If the error was corrected, why did the FCA take action?

Guidance from the Financial Ombudsman Service (FOS) produced in 2001 (and therefore relevant at the time the mistake was discovered) described its approach to determining complaints involving ‘mortgage underfunding’. The guidance covered situations where the borrower had made a regular repayment quoted by the lender, but the lender (in this case Clydesdale) had quoted too low a figure. It went on to state that where the lender was entirely at fault it should write off the shortfall that had built up on customer accounts.

While FOS guidance is not strictly binding, the Dispute Resolution Manual of the FCA’s Handbook indicates that FOS guidance and decisions concerning similar complaints were factors that may have been relevant in the assessment of any
complaints that Clydesdale received from customers. Nevertheless, Clydesdale decided not to follow the approach set out in the FOS guidance and sought to recover the shortfall.

For example, letters sent by Clydesdale to customers who had made underpayments gave those customers the impression they had no option but to cover the shortfall in full, even though, depending upon their individual circumstances, they might not necessarily have to cover any capital shortfall arising from the calculation error.
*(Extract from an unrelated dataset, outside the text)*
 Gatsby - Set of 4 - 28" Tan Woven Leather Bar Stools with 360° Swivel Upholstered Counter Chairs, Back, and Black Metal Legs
When customers called Clydesdale’s customer services team to discuss their repayments, the team was not instructed to enquire proactively into customers’ individual circumstances and failed to make it clear to all customers that they might not necessarily have to cover their capital shortfalls. Instead customers’ individual circumstances were only taken into account if the customers themselves indicated that they may have suffered detriment.

Why is this enforcement particularly noteworthy?
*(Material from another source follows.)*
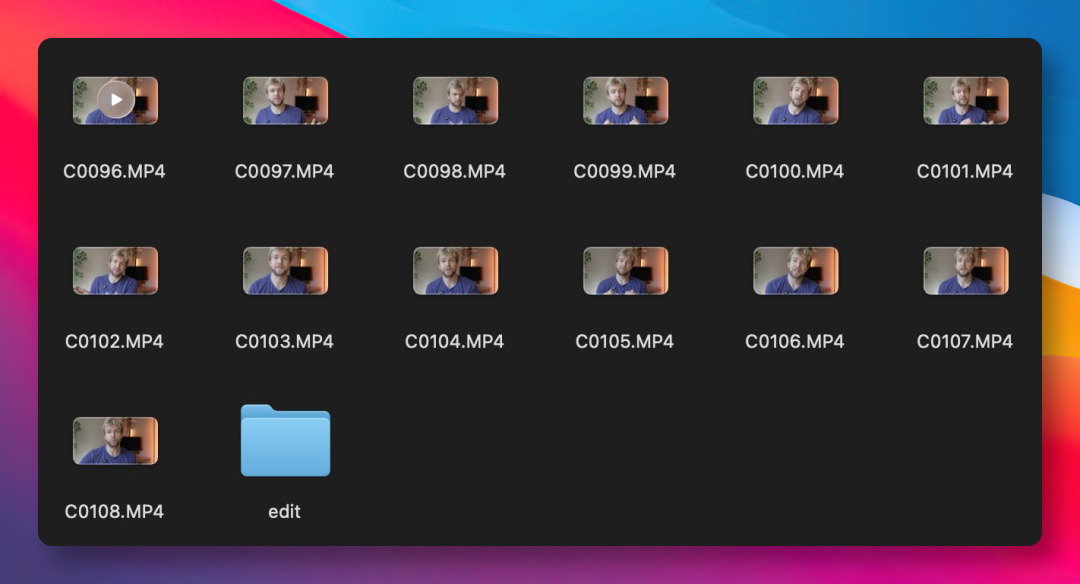 视频素材文件夹截图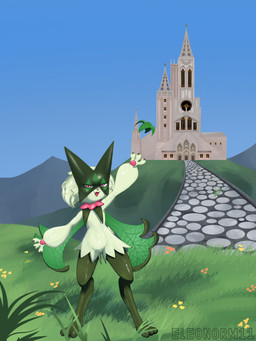 ambiguous_gender anthro cathedral claws fangs featureless_crotch flat_chested flower fur grass green_body green_fur green_hair hair looking_at_viewer navel open_mouth pawpads paws pink_eyes plant solo tail teeth tongue eleonorm11 nintendo pokemon felid feline generation_9_pokemon mammal meowscarada pokemon_(species) 2026 3:4 hi_res signature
The FCA has taken the unusual stance of basing its finding in part on the fact the FCA considers that ‘most’ customers who accrued capital shortfalls would have spent the ‘savings’ they made each month as a result of the error and, accordingly, it would have been unfair to require those customers to make good the capital shortfall. The FCA has not put forward any empirical evidence that most customers had spent the money that would otherwise have been paid to the bank in mortgage payments had mistakes not been made.

In this case Clydesdale drew up a scheme, which would automatically compensate all customers who were left with shortfalls as a result of the error, regardless of whether such customers suffered any detriment. In total, there was a £21.2m shortfall in Clydesdale mortgages, all of which will now be written off by Clydesdale. The FCA has made it clear that were it not for Clydesdale’s proactive steps to create a redress scheme, the fine would have been considerably higher. Clydesdale also received a 30% discount for settling at an early stage of the enforcement process.
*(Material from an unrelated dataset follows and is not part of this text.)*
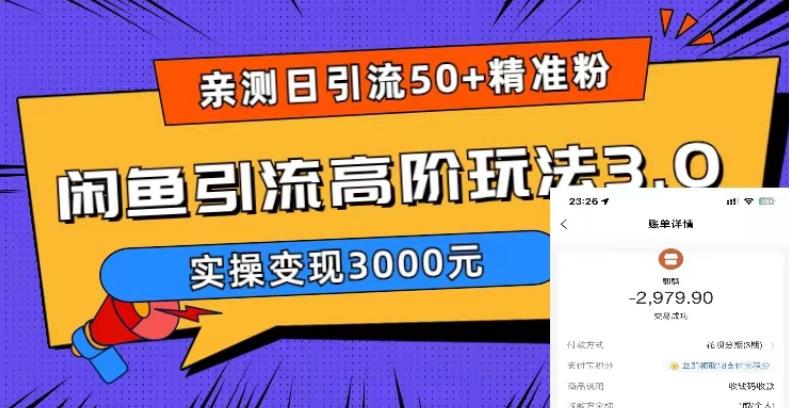 亲测日引50+精准粉，闲鱼引流高阶玩法3.0，实操变现3000元【揭秘】-文强博客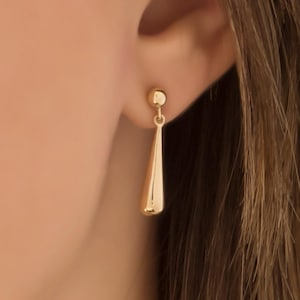 14K Yellow Gold Teardrop Dangle Earrings: Drop Ball Studs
In seeking to recover the shortfall in payments from customers, Clydesdale was seeking restitution of the financial gain its customers received. If Clydesdale had properly taken steps to discover if customers had received the financial benefit in good faith (ie they were unaware of the shortfall) and then altered their circumstances as a result of that (ie there is a ‘change of position’ defence available) then such customers would not have needed to repay the benefit. If some customers’ position had not changed as a result of receiving the benefit, the bank may have been able to claw back some of the shortfall and avoid the significant financial penalty imposed by the FCA (although the costs and reputational impact of a case by case check could be too much for the bank, so making a total payout under the scheme could be viewed as being reasonable).

Should other firms be concerned about the action taken by the FCA?

Many firms may view enforcement action and possible fines as a normal risk of doing business. However, the frequency and value of fines meted out by the FCA is on the increase, so perhaps this approach should be reviewed. Firms may put commercial interests before those of their customers and take the commercial view that the possibility of facing enforcement action is worth the risk in the pursuit of profit. The FCA is likely to take a dim view of such a culture if the firm does face enforcement in the end.

If it becomes apparent that a firm is proposing to take steps which put its commercial interests ahead of its customers’ interests, it would be advisable to reconsider, as the costs in putting in place remedial action, as well as the substantial fines that could be imposed, could be significantly higher than the initial commercial gain.